Four YPG militia in Syria’s Ayn Al-Arab region, or Kobani, were killed by the Turkish army on Wednesday afternoon, according to state-run news agency Anadolu.

The offensive did not come as a surprise as Turkish President Recep Tayyip Erdogan had made several warnings since mid-September about impending full-blown military action against the YPG positions on the east of the Euphrates.

“We will soon crush the terror organization in the east of the Euphrates with more comprehensive and effective operations. We have concluded our preparations and planning regarding this issue,” Erdogan said on Tuesday during his address to the parliamentary group meeting.

Turkey considers the YPG to be an extension of the Kurdistan Workers’ Party (PKK), which has waged a deadly insurgency against the Turkish state since 1984 and is listed as a terror group by Turkey, the US and the EU. 

Over the years, Turkey has tried to drive out the YPG from the western part of the Euphrates, but has hesitated to intervene in the eastern part to avoid a clash with the US, which has military contact points and officers there.

Abdullah Agar, a security expert and retired special warfare and commando officer, said the regional dynamics on the eastern Euphrates have been heating up in recent days.

“For the first time, Turkey has hit the region on such a massive scale. Ankara thinks that the terror groups on the eastern part of the Euphrates are undermining Syria’s unitary structure and threatening Turkey’s territorial integrity,” he told Arab News.

According to Agar, with this offensive Ankara is telling Washington that “either we take action together against the YPG or we will do so unilaterally.”

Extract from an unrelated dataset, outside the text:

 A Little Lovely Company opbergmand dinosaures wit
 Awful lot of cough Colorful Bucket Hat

“This offensive may be followed by tactical, operational or strategic moves that will be determined by the reaction of the regional powers,” he said.

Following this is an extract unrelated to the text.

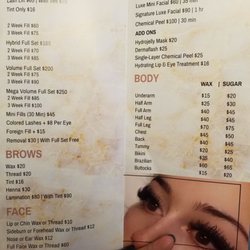 House of Beauty AK - Pricing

Serhat Erkmen, a military expert at the Gendarmerie and Coast Guard Academy of Turkey, thinks that Turkish armed forces are targeting the ammunition depots and hideouts of the YPG that were already identified.

“But the core message of this military offensive is to show Turkey’s military capacity in the region to all the regional actors and to signal that if they don’t consider Ankara’s national security concerns, Turkey is able to change the local conditions by taking the initiative,” he told Arab News.

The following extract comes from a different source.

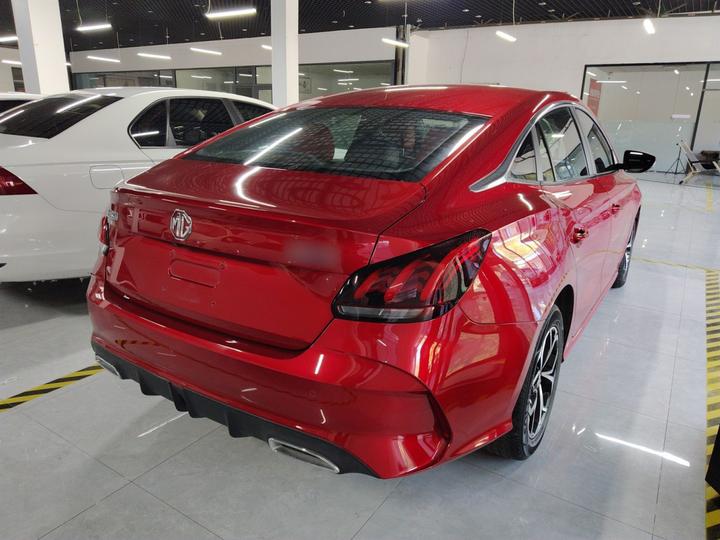 MG5 2021 Facelift 180DVVT CVT Luxury photo 4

Therefore, according to Erkmen, Ankara is testing the reactions of the US and intends to push Washington to take more concrete steps in Manbij.

“It is premature to say that this is a large-scale military operation. But a wide-ranging operation in this region is always on the table depending on the reaction of Washington and on the clear support of Moscow,” he said.

For now, Russia seems to support Turkey’s military moves on the eastern bank of the Euphrates. Russian Foreign Minister Sergei Lavrov said in September that autonomous structures in the eastern part of the river that are under the direct control of the US have been threatening Syria’s territorial integrity.

On the other hand, the disagreement between Damascus and Ankara has created a new fault line in the region as the Assad regime accuses Turkey of not meeting its obligations under the Idlib agreement and of remaining unwilling to fulfill them, saying that the terrorists have not completely withdrawn from the region and are keeping their heavy weapons.

However, Ankara rejects these accusations and claims the deal is being implemented as planned to create a demilitarized buffer zone around the opposition-held Idlib region, the last stronghold of the anti-Assad insurgency.